Supplied data
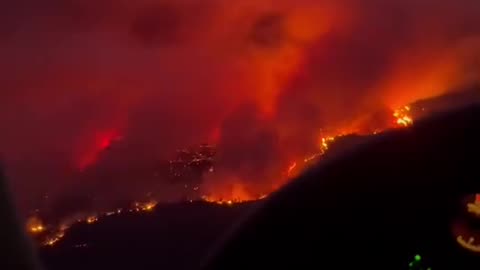 The Park Fire burning outside Chico, California has ripped 72,000 acres in just 24 hours.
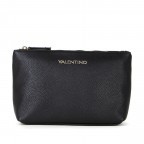 Kulturbeutel Brixton Soft Cosmetic Case L Nero, Farbe: schwarz, Marke: Valentino Bags, EAN: 8054942226778, Abmessungen in cm: 22x15.5x9.5, Bild 1 von 4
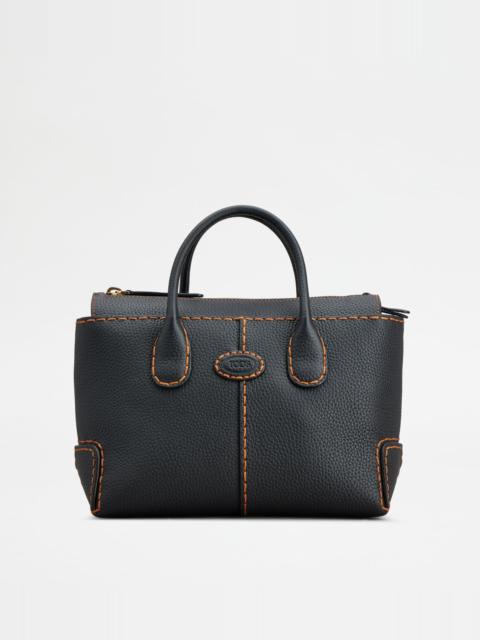 Tod's TOD'S DI BAG IN LEATHER SMALL - BLACK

The task
With pictures left out, extract the lines from the one containing "Kulturbeutel Brixton Soft" to the end of the material above, both included, exactly as written.

Solution to this task
 Kulturbeutel Brixton Soft Cosmetic Case L Nero, Farbe: schwarz, Marke: Valentino Bags, EAN: 8054942226778, Abmessungen in cm: 22x15.5x9.5, Bild 1 von 4
 Tod's TOD'S DI BAG IN LEATHER SMALL - BLACK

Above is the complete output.